El cliente retrocedió lentamente.
La mujer seguía acercándose con el cuchillo en la mano.
Su sonrisa era inquietantemente tranquila.
—Nadie sale de aquí sin cenar primero —dijo con voz serena.
El camarero dio un paso al frente.
—Jefa, por favor…
Ella lo fulminó con la mirada.
Bastó ese gesto para hacerlo callar.
El jefe del restaurante continuaba inmóvil detrás del mostrador.
Sus manos temblaban mientras evitaba levantar la cabeza.
El cliente comprendió que aquel hombre no era el verdadero dueño de nada.
La mujer apoyó lentamente el cuchillo sobre la mesa.
—¿Sabes por qué este restaurante nunca recibe inspecciones?
Él negó con la cabeza.
Ella soltó una pequeña risa.
—Porque nadie se atreve a denunciarme.

En ese instante volvió a escucharse un golpe procedente del sótano.
Esta vez fue más fuerte.
El cliente miró instintivamente hacia la puerta metálica.
—¿Qué hay ahí abajo?
La mujer no respondió.
El camarero aprovechó un instante de distracción.

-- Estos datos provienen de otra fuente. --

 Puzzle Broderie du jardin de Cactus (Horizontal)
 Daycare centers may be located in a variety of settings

Se acercó al cliente y le susurró casi sin mover los labios.
—No es un almacén.
—Esconde a alguien.
La jefa giró bruscamente.
—¡Basta!
El silencio volvió a apoderarse del comedor.
Entonces sonó el timbre de la entrada.
Todos quedaron inmóviles.
La mujer frunció el ceño.
Nadie esperaba visitas a esa hora.
Abrió la puerta con aparente tranquilidad.

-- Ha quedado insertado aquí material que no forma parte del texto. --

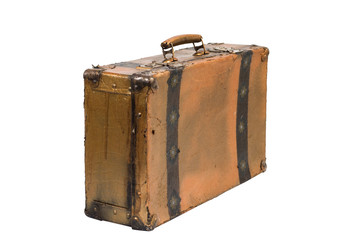 Old suitcase. Vintage style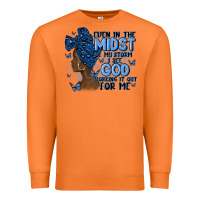 Carrot even in the midst of may storm afro woman Premium Sweatshirt - MaliasSmallBusiness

Un anciano vestido con ropa sencilla esperaba en el umbral.
—Vengo a buscar a mi hijo.
Ella respondió sin cambiar el gesto.
—Aquí no trabaja nadie con ese nombre.
El anciano sacó una fotografía.
Era la imagen del joven camarero.
—Hace tres meses desapareció después de aceptar un empleo en este restaurante.
El cliente sintió un escalofrío.
Miró al camarero.
El muchacho estaba allí, a pocos metros.
Pero el anciano parecía incapaz de verlo.
La jefa cerró lentamente la puerta.
—Se ha equivocado de lugar.
Cuando el anciano se marchó, el camarero comenzó a llorar en silencio.
El cliente no entendía nada.
—¿Por qué no saliste con él?
El joven levantó lentamente la vista.
Su respuesta hizo que el restaurante entero pareciera congelarse.
—Porque ese hombre no busca a un empleado.
—Busca a su hijo.
—Y la jefa lleva tres meses diciéndole a todo el pueblo que yo abandoné a mi familia por voluntad propia.
Antes de que pudiera explicar algo más, la mujer abrió la puerta del sótano.
Una voz masculina resonó desde la oscuridad.
—Ya basta de mentiras.
—Ha llegado el momento de que todos sepan quién dirige realmente este restaurante.